Audiences were treated to familiar favorites, including:
Silent Night, Sir Christëmas, The Savior’s Birth, The First Noel, Joy to the World, This Christmas, O Come, All Ye Faithful, and Go Tell It on the Mountain.

The choirs also performed lesser-known works that were just as stirring and melodic, showcasing the depth of their repertoire and their ability to breathe new life into both classic and contemporary choral literature.


Spelman’s Legacy of Global Sisterhood

For over 100 years, the Spelman College Glee Club has upheld a standard of musical excellence shaped by harmony, discipline, and pride. With approximately 50 members from various academic disciplines, the ensemble performs most major campus events and maintains a repertoire that spans world cultures, commissioned works, and music of the African diaspora.

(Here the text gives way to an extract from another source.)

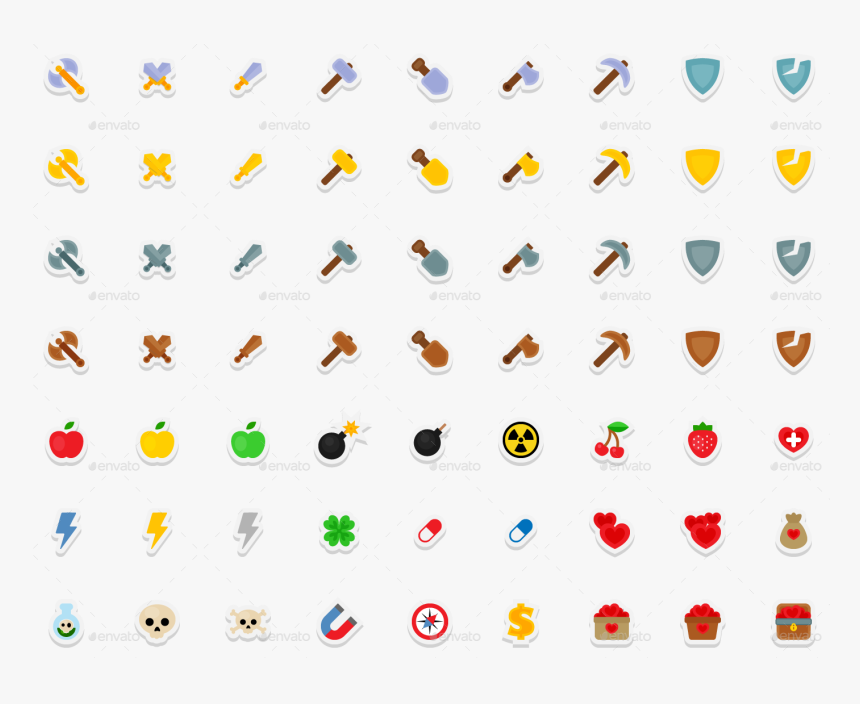 Game Items Png Pack, Transparent Png, Free Download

Under the leadership of Dr. Kevin Johnson, the Glee Club has performed across the U.S. and around the world. Highlights include concerts at the White House, Lincoln Center’s Avery Fisher Hall, Faneuil Hall in Boston, the National Museum of American History, and international tours to Brazil, Canada, Italy, and Portugal.

Membership requires a rigorous audition process evaluating tonal memory, pitch matching, vocal quality, and musicianship. Yet beyond the music, the Spelman Glee Club represents community. It is a space where sisterhood, pride, and excellence converge.


Morehouse’s Global Brotherhood in Song

The Morehouse College Glee Club has captivated audiences for more than a century. Their performances have graced presidential inaugurations, Super Bowls, the 1996 Olympics, and homegoing services for national figures including President Jimmy Carter and Dr. Martin Luther King Jr., a Morehouse alumnus.

Morehouse Glee Club Performs

Dr. Morrow says the Glee Club is more than a performance ensemble. It is a reflection of Morehouse identity and brotherhood.

It’s remembering that you are part of a community,” Morrow said. “You are more than a member of the Glee Club. You are family. You are part of something great.

Their musical résumé spans continents, with tours throughout Africa, the Caribbean, Europe, and every corner of the United States. The Glee Club has performed with cultural icons such as Aretha Franklin, Jessye Norman, Denyce Graves, Take 6, Stevie Wonder, and Jennifer Hudson. They are also featured on soundtracks to Spike Lee films and major national broadcasts.

The Glee Club is deeply tied to historical and cultural leadership. Alumni include Senator Raphael Warnock, Spike Lee, Samuel L. Jackson, and legendary figures such as Mayor Maynard Jackson and Herman Cain.


A Shared Holiday Tradition

Morehouse and Spelman have long united their voices for this Christmas tradition. Together, they carry an intergenerational message: music is a cultural bridge. Music preserves history. And music, especially during the holiday season, binds community.

Judge Sugarmon, speaking to the educational significance of the Glee Clubs, underscored the moment:
At a time when DEI is being denied, we must educate our children about our history. It is what made this country what it is.

And as the music filled the chapels each night, that message rang clear—this tradition belongs to the people, to the campuses, and to the broader community that has embraced it for nearly a century.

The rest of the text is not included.